Monday, March 23, 2009

Who Would Have Imagined It?


How much of our current economic meltdown sprang from some one’s imagination? Or from a failure of imagination on the part of the rest of us? As we try to pull ourselves back from the brink, it might be wise ---and even productive----to put that question to members of Congress, to business executives, shareholders, regulatory watchdogs, the news media---and to ourselves, you know, us ordinary citizens.

At any moment--- for good or ill--- incredible deeds rooted in imagination shape and re-shape our world. And make us see anew what is possible. Two stunning examples stand out in my mind. Their only connection is a set of landmark buildings.
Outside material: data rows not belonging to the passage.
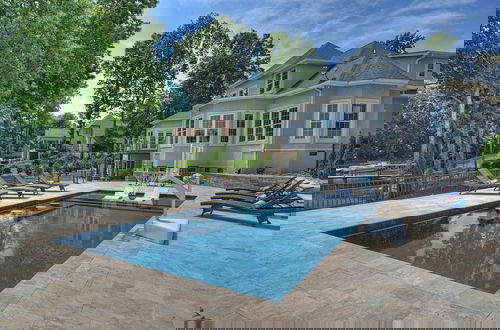 Foto 7 - Bright Water Cove by Avantstay Saltwater Pool
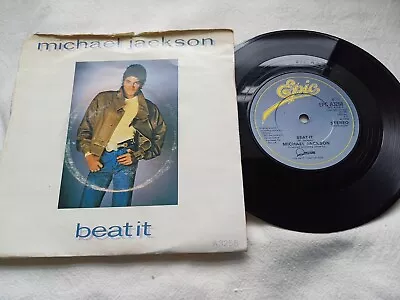 MICHAEL JACKSON  -  BEAT IT   7”vinyl - EPIC  RECORDS A 3258  - 1982 • £0.99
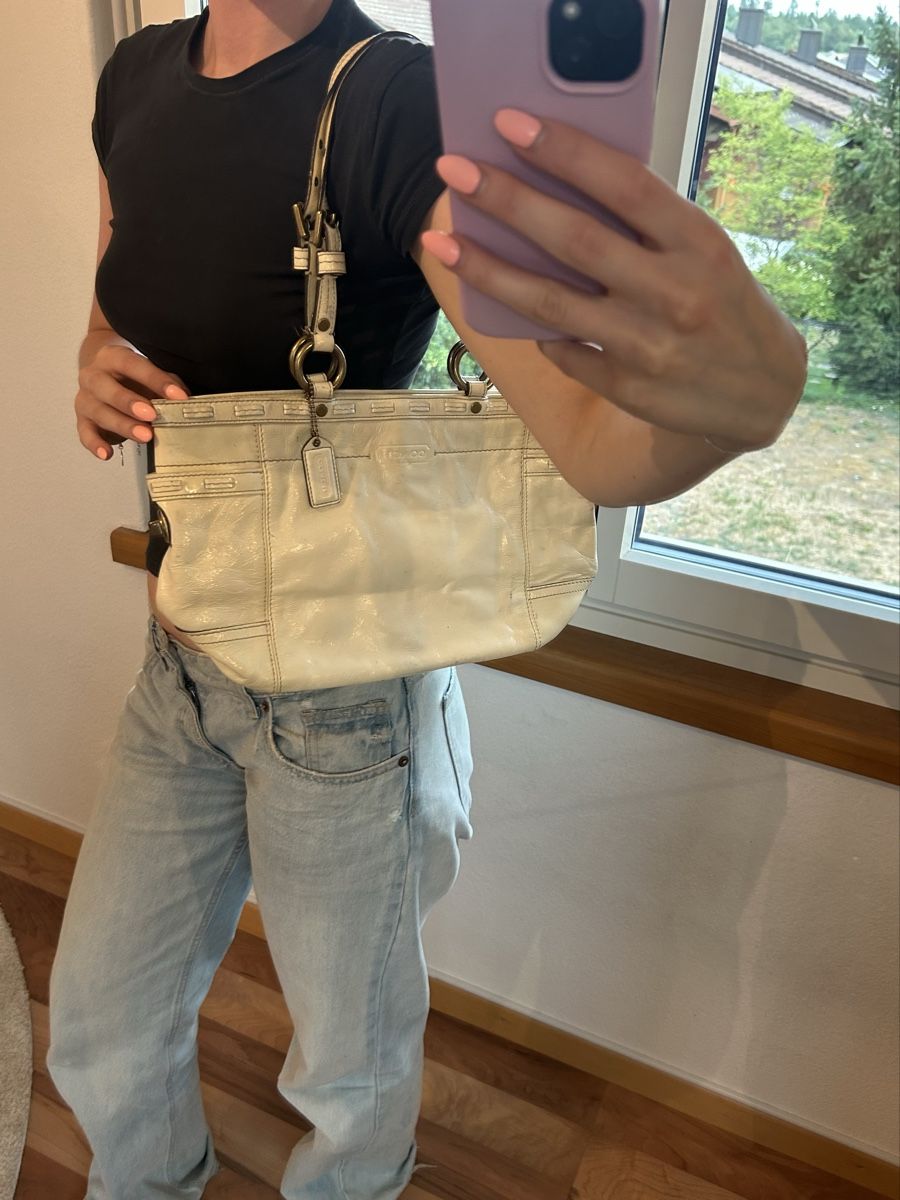 Coach Borse da donna: cute vintage coach bag white  – Usato da Dietlikon venduto da leaaasells 5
My connection was as a reporter.

In 1968, on one of my first assignments for Channel 7 Eyewitness News, I took a camera crew to lower Manhattan where construction was underway on the Twin Towers site of the World Trade Center. All I remember of that assignment is how the sound of my voice on the film soundtrack made me almost sick to my stomach. That alien voice couldn’t possibly be mine, could it? Surely, there must have been a problem with the soundman’s equipment. But no, the slow, painful-to-listen-to voice was mine and the 6 o’çlock tv news audience would soon get a dose of it.

Fast forward to June 24, 1974. I and my camera crew are sent to cover a young Frenchman who is drawing crowds and stopping traffic in midtown Manhattan. He is juggling and performing magic tricks and aerial stunts on 59th Street and 5th Avenue along a stretch of sidewalk near the grand Plaza Hotel.
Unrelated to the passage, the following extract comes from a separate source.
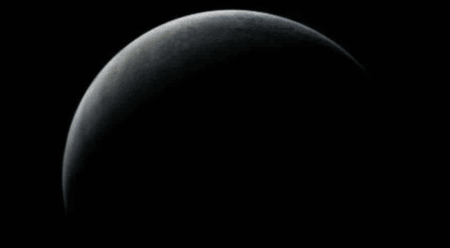 Το Juno της NASA φωτογραφίζει τον Δία όπως δεν μπορούμε να δούμε ποτέ από τη Γη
I’m not happy with this assignment. It seems like scraping the bottom of the barrel on a slow news day “Why am I the one they send on this corny stuff?” I grumble in the crew car as we make our way through heavy traffic, and unload the gear where a crowd is gathered.

I direct the cameraman, the electrician and the sound man (remember this was back in the days of 16mm film, before one-man-band video tape news) to get shots of the impressive Plaza Hotel, and the usually blasé New Yorkers--- now turned into laughing, applauding gawkers--- and a spritely young Frenchman who has the crowd in the palm of his hand. At one point, he stretches a tight rope between two trees, and to the crowd’s delight, proceeds to walk it. We capture all of this on film.

The man’s name is Phillipe Petit and his performance and personality win me over. This is not a bad story after all. So, microphone in hand, I approach the young artist and proceed to question him, or try to.

He just grins and shrugs, but says nothing. I keep trying. And when I give up, he laughs and hands me my wristwatch. The joke is on me. I never felt him relieve me of my watch. The crowd laps it up.

Fast forward, again. It’s August 7, 1974. I’m not due at work until late afternoon, and so I’m still lying in my bed. The radio is tuned to an all-news station. It’s 7:17am and a reporter is saying that a crowd has gathered at the foot of the Twin Towers. People are watching a man walk a tight rope between the two 110 story buildings. The man is Phillipe Petit. My heart speeds up. I am holding my breath. I am stretched out less than a foot off the floor, but I am as tense as if I were upright, walking that steel wire a quarter of a mile above the street. The daredevil up there is no stranger. He is the engaging street juggler from my non-interview news story. I cross my fingers and pray: “Please, please let him make it across that wire.”

He is up in the air for 45 minutes, walking, dancing and lying down on the wire.

This year marks the 35th anniversary of that thriller in the sky. Phillipe Petit is sought after for interviews. And "Man on Wire", the film documenting Petit’s exploit has won an Academy Award.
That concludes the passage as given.